The Ravens have earned their way into the position they’re in. They earned it by winning nine of their past 10 games after a Week 5 loss to the Steelers showed some vulnerabilities. They earned it by winning three games on the West Coast and another one in London. And they earned it by outplaying a very good 49ers team on their home field.
Jonas Shaffer, The Baltimore Banner
The comparisons to 2019 are inevitable. Another win will only hammer home the similarities: a star quarterback, a versatile offense, a frightening defense, an elite special teams unit. The Jackson who leads these Ravens is not altogether too different from the Jackson who led those Ravens, either. He still collects slights like matches, ready to light the fires that fuel him. He still runs like almost no other quarterback — just ask 49ers All-Pro linebacker Fred Warner — and still gets off throws like almost no other quarterback.
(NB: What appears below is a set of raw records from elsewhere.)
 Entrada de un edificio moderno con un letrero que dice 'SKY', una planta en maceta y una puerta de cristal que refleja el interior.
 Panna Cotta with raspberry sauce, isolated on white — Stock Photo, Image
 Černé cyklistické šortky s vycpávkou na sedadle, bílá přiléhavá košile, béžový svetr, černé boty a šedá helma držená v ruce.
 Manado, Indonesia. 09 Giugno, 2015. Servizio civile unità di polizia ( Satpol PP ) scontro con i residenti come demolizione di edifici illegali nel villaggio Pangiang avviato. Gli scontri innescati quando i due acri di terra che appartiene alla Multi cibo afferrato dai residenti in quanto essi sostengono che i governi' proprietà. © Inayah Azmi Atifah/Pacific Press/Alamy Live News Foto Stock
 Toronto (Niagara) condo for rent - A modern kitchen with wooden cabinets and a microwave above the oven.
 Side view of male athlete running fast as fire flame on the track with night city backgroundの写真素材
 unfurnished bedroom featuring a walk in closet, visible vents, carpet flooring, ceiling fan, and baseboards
But this offense does not need a Houdini. It needs Jackson to buy enough time in the pocket to give running back Gus Edwards the angle for a 39-yard catch-and-run out of the backfield. It needs Jackson to have the patience to wait for wide receiver Nelson Agholor to shake free in the front of the end zone for an easy score. It needs Jackson to take what’s given to him and to take over when he needs to.
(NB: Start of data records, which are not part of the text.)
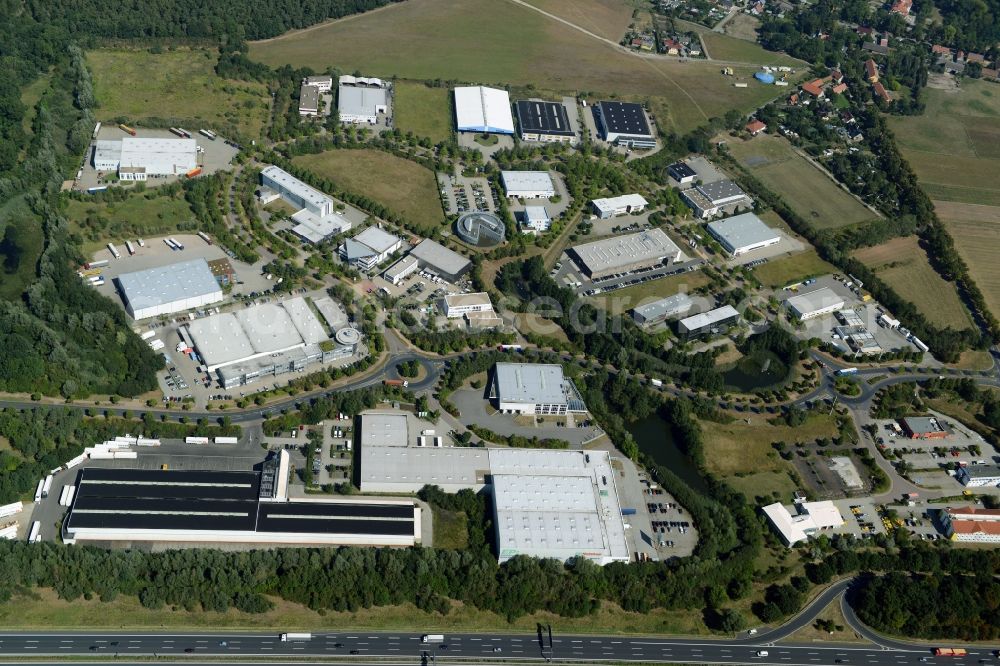 Ludwigsfelde from above - Industrial estate and company settlement in at the motorway exit Genshagen in the state of Brandenburg. The area is part of the large Brandenburg Park complex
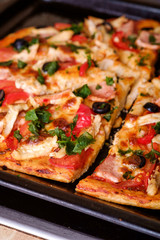Fresh hot homemade pizza with chicken meat, ham, tomato, mozzarella cheese, black olives and parsley, angle view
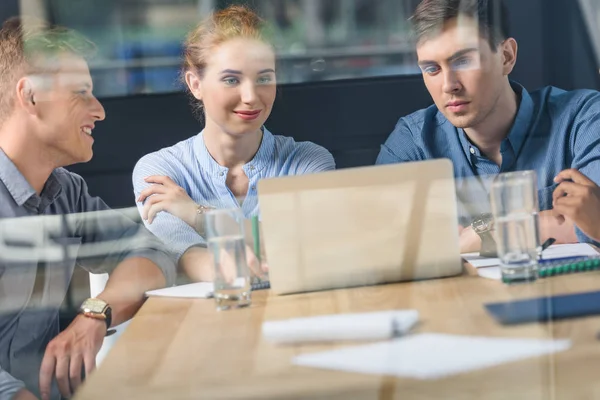 Behind the glass view of young team discussing project in modern office — Stock Photo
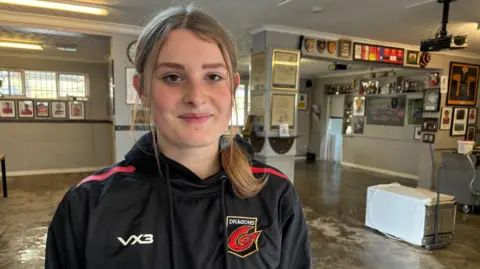 BBC A young lady with blonde hair tied back in a ponytail is looking at the camera. She's wearing a black hoodie with the Dragons rugby team logo on it. In the background is room that has been affected by floodwater. There's a white fridge on the floor to the right of frame and there are many different types of photo frames and shields on the walls. 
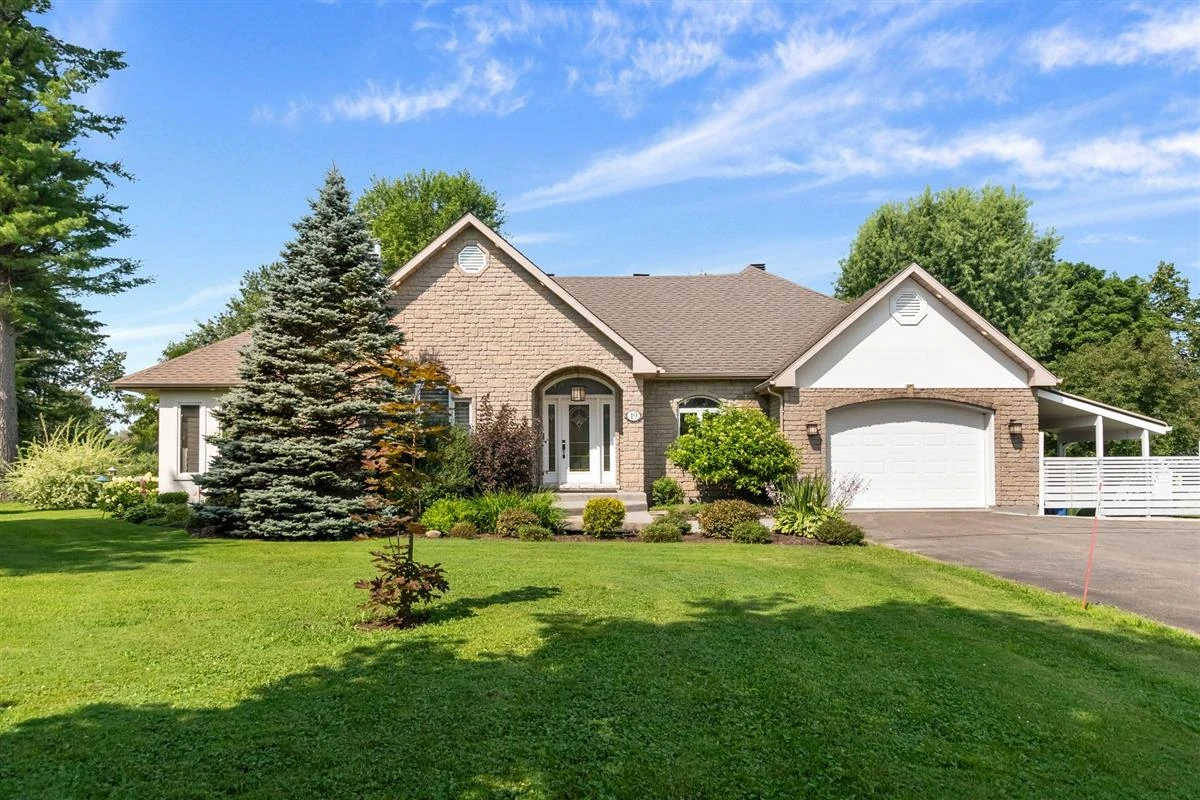 Brick bungalow with attached garage and a large landscaped lot in a Saint-Jérôme residential area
Childs Walker, The Baltimore Sun
Fans feared a catastrophic evening for the Ravens’ offensive line; it was anything but that
Panicked would be a fair adjective to describe the tone of social media discourse around tackles Ronnie Stanley and Morgan Moses after the Ravens’ win over the Jacksonville Jaguars. Stanley could not impede Jacksonville’s quick, powerful edge rusher Josh Allen as he struggled to plant on his injured right knee. Moses played only about half the time as he did his best to compete with one healthy arm.
If that was the picture against Jacksonville, fans worried Jackson might be in mortal danger against the 49ers, with Nick Bosa closing in from one edge, Chase Young closing from the other and Javon Hargrave pushing up the middle.
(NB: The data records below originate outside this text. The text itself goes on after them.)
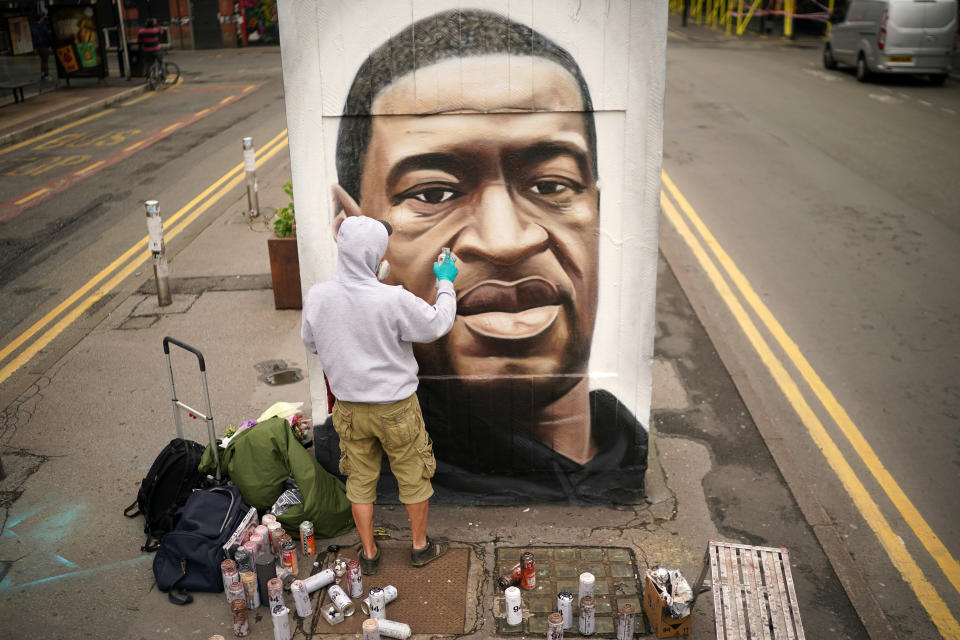 MANCHESTER, UNITED KINGDOM - JUNE 03: Graffiti artist Akse spray paints a mural of George Floyd in Manchester's northern quarter on June 03, 2020 in Manchester, United Kingdom. The death of an African-American man, George Floyd, while in the custody of Minneapolis police has sparked protests across the United States, as well as demonstrations of solidarity in many countries around the world. (Photo by Christopher Furlong/Getty Images)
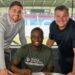 Christian Saydee, wearing a Wigan Athletic shirt, poses with two club officials after signing a three-year contract at the Brick Community Stadium ahead of the 2025–26 League One season.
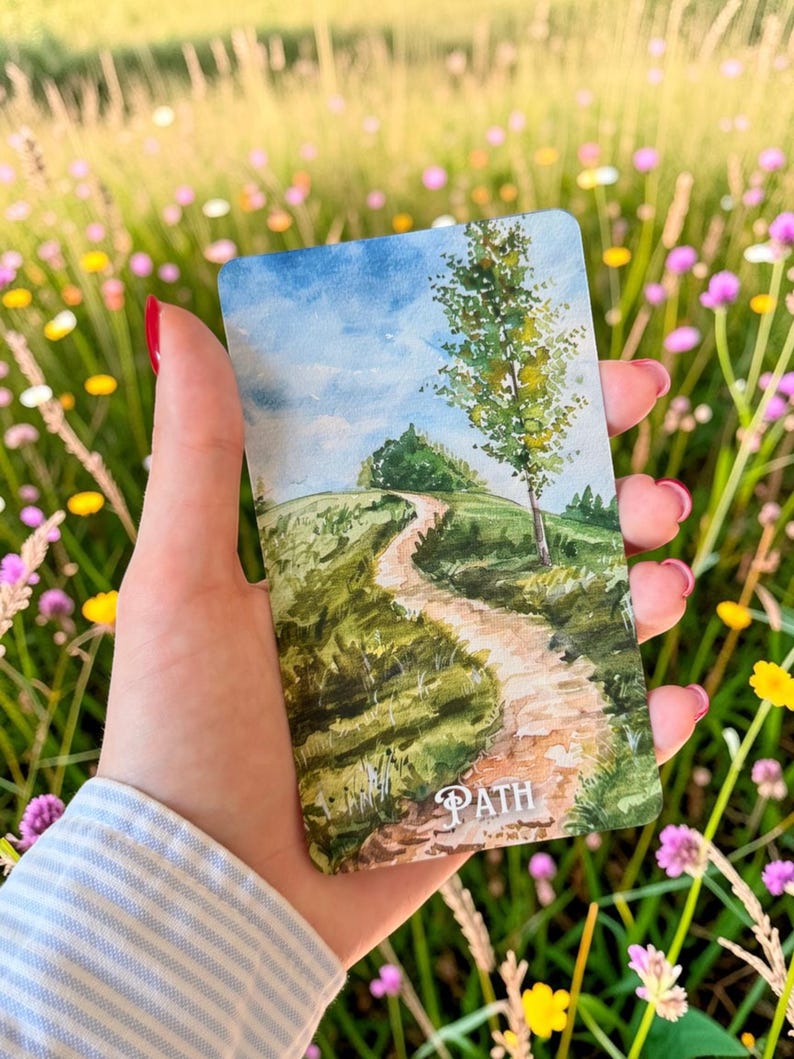 May include: A rectangular card featuring a watercolour illustration of a winding dirt path leading up a green grassy hill towards a blue sky with clouds. A single tall tree stands on the right side of the path. The word PATH is printed in white.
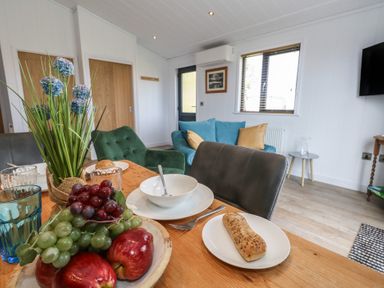 A dining room with a table set and living area in view at Grass Roots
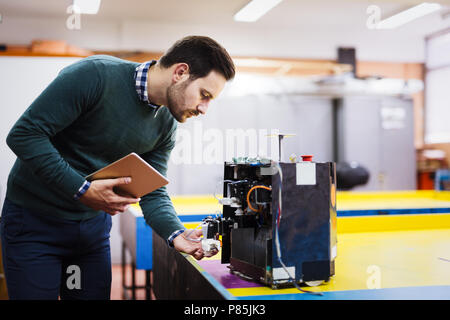 Young student of robotics working on project Stock Photo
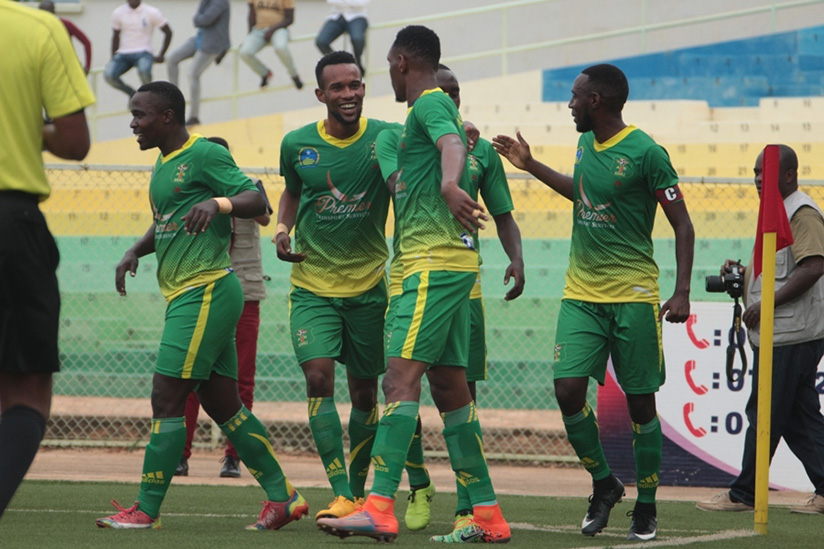 AS Kigali celebrate after taking the lead against Musanze FC on Monday. The hosts won the game 4-3 to return to top of the league table. Courtesy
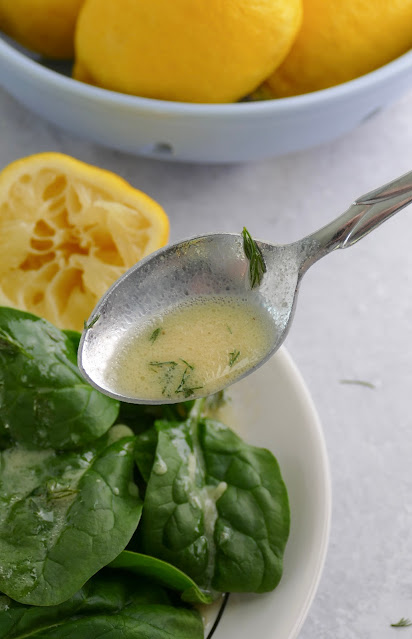 vinaigrette being poured from a spoon onto a spinach salad.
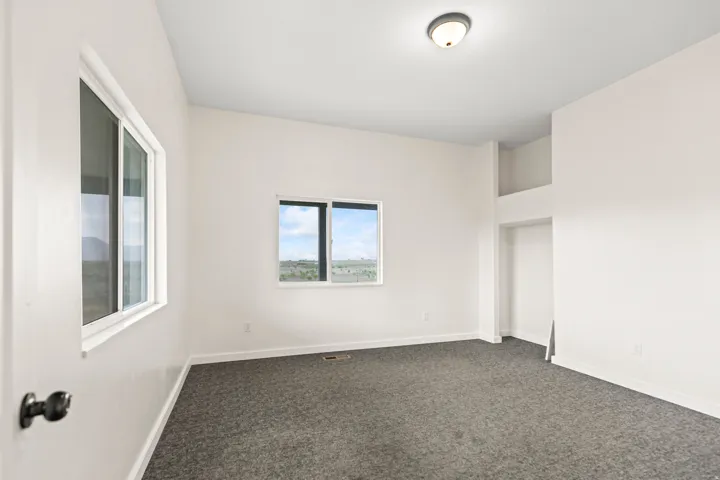 Neutral wall tones, gray carpeting, dual windows, and an integrated ceiling light fixture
What seemed a leading subplot going into the game turned out to be a minor one, however. Bosa and Hargrave did manage multiple pressures, and Young shared a sack with Randy Gregory, but they never kept Jackson from playing his game.
Which means Stanley and Moses deserve credit for holding up better than expected, and Ravens coaches deserve credit for the tackle rotation they’ve implemented over the last three games.
Gordon McGuinness, PFF
PFF Grade: 91.5
The Ravens’ Swiss Army knife defensive back was once again one of the best players on the field in the team’s win over the San Francisco 49ers on the road on Monday Night Football. Hamilton allowed three receptions for 12 yards on six throws into his primary coverage and recorded two interceptions, a pass breakup and a tackle resulting in a defensive stop.
Ben Solak, The Ringer
While Purdy looked nothing like he had all season, Baltimore looked everything like it had. The Ravens found ways to generate free rushers from the second level for much of the (meaningful) game, but never by dedicating more than five bodies to the rush. Those rushers created chaos—checkdowns, hurried throws, batted balls. When the Ravens didn’t bring pressure, they overlapped zones, exchanged routes, and tackled in space like none other. And they won at the line of scrimmage—both in the trenches and against routes—with big, physical play. Jadeveon Clowney and Justin Madubuike hardly lost a rep up front. Marlon Humphrey played like it was 2019. Hamilton and Roquan Smith stamped their All-Pro résumés. It was a night for stars.
I’m not sure any other defense is equipped to do this. Nobody plays smarter, more cohesive defensive football in the league than the 11 Ravens on the field, who were coordinated by second-year defensive play caller Mike MacDonald (whom I consider the premier head-coaching candidate in this cycle). Heck, I’m not even sure the Ravens are equipped to do this again—they ran lucky, as all teams with five takeaways do.
But I saw something on Monday night that I wasn’t sure I’d see again this season: Purdy and the Niners, stopped. Hats off to Baltimore, the best team in football.